I have tested the ignition switch w/ key on I have continuity to all wires from ground except the blue trigger wire.


When I turn the key to start I have continuity so I assume the switch is normal.this is a switched 12VDC.


When key is start position I get 12.7VDC at the back of ign.switch same as input of soliniod which is a direct connection from battery referrred to a constant power..
no voltage out of soliniod to starter.

so I extend a grey wire spliced to blue behind switch however when I connect to trigger spade 3rd terminal of soliniond voltage is reduced down from 12VDC to 2-5VDC fluctuates increasleing not past 5VDC.


I’m suspicious of the new soliniod functioning correctly.


Here’s a few image maybe I missed something.

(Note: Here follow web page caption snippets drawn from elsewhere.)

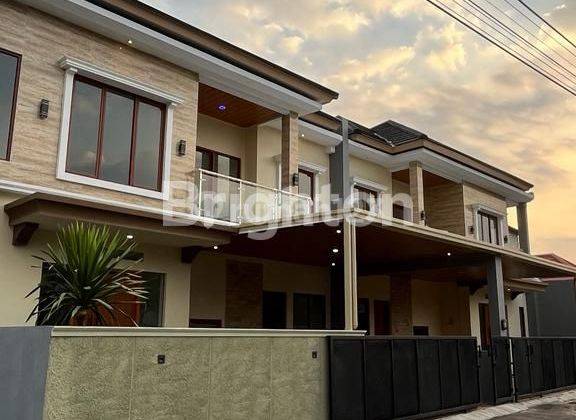 RUMAH BARU 2LT SIAP HUNI LOKASI JOGJA UTARA DEKAT JL PALAGAN 1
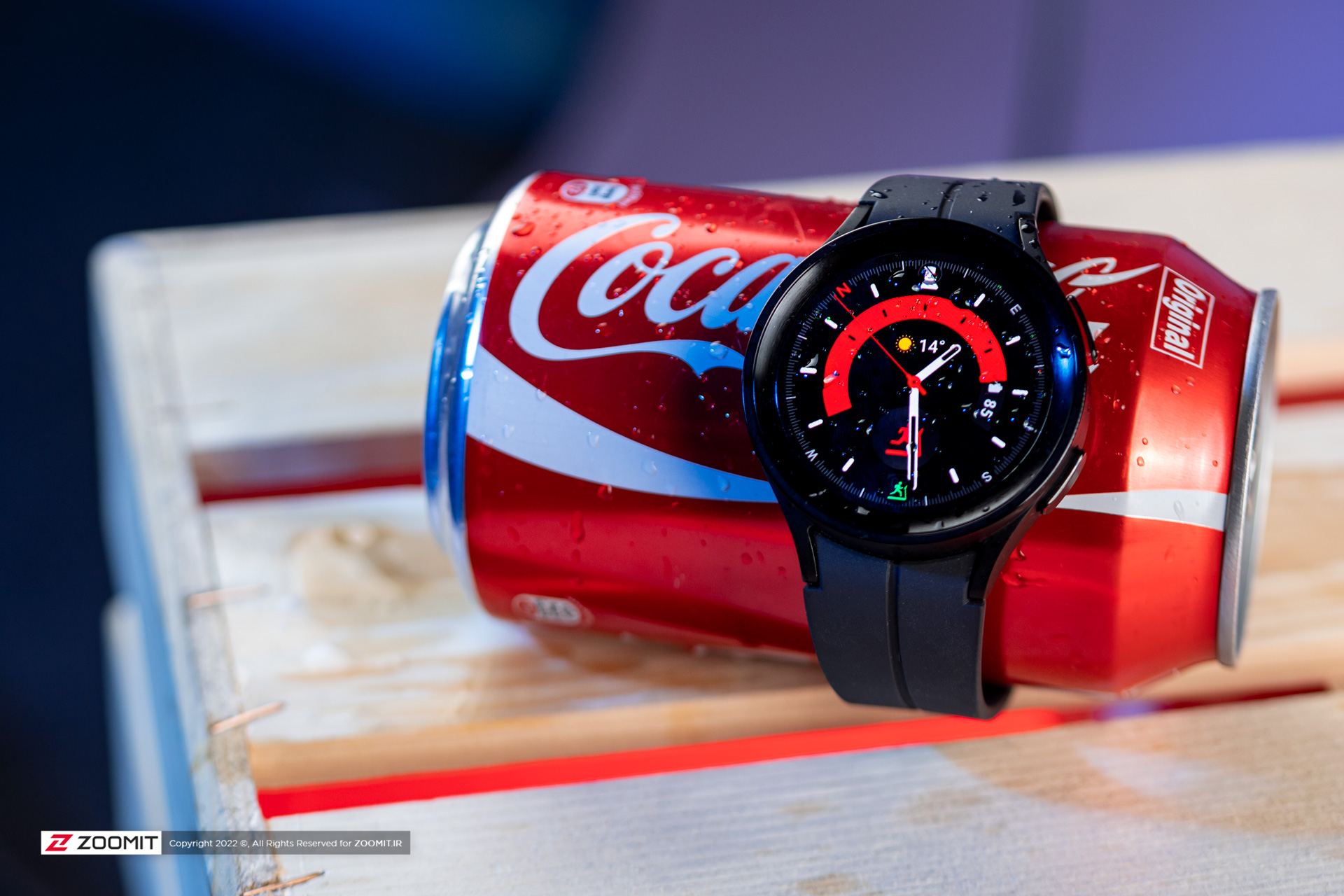 گلکسی واچ ۵ پرو روی نوشابه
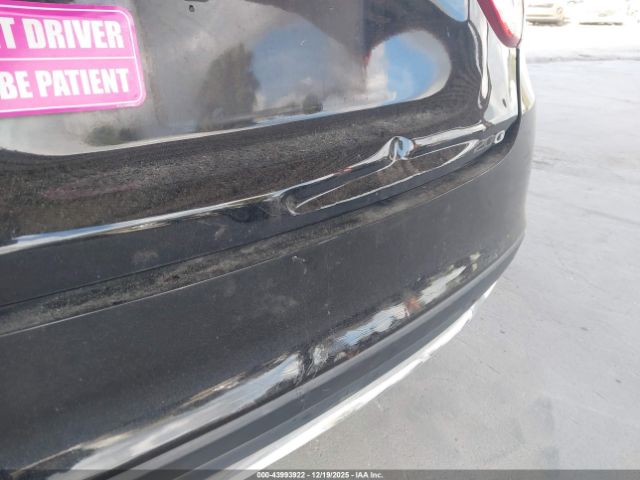 Chrysler 200 Limited Image 12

additional my snapper came w/ a 3 terminal soliniod I replaced w/ a 4 terminal wear I scraped off paint to expose bare grounding framework.


----------



## pogobill (Jan 31, 2012)

I believe the solenoid grounds from the 4th terminal, not through the body of the unit, as was mentioned earlier.


----------



## Hacke (Feb 22, 2011)

Here is a picture showing a basic wiring:
https://isavetractors.com/product_images/uploaded_images/starter-solenoid.jpg
Let us call the four posts:

Battery
Starter
Switch
Ground

What is connected to the different posts on your solenoid?


----------



## TheBrain (Jul 31, 2015)

Hacke said:


> Here is a picture showing a basic wiring:
> https://isavetractors.com/product_images/uploaded_images/starter-solenoid.jpg
> Let us call the four posts:
> 
> ...


yes youre image is exactly how I have it wired.

pogo bill I have tryed the trigger on either side of small terminals all the videos say they can be switched,

since I'm bypassing possiable bad sensors there must be something wrong w/ the new soliniod after very close observation I see the upper small triggers terminal isn't secure in the case it has a slite wobble another chinese part causing problems and wasting time.

couple weeks ago I adjusted the valves and got her up and running parked her for a few weeks now this no start.

I'm thinking my no start issue is a malfunctioning safety switch
will reinstall the old USA soliniod use new grey wire to bypass.

pogo I have the small ground terminal wired to soliniond mount.


----------



## Hacke (Feb 22, 2011)

Disconnect the wires on the small posts and try the solenoid with two known good wires directly from the battery posts. Then you know if the fault is in the solenoid, or the battery.


----------



## TheBrain (Jul 31, 2015)

actually I have attempted jumping the the 2 big terminals even w/ the key start position no jump of votlage from solinoid in to soliniod out I thought something wasn't quite right.

edit when this soliniod clicks it's nurmerous not just one click.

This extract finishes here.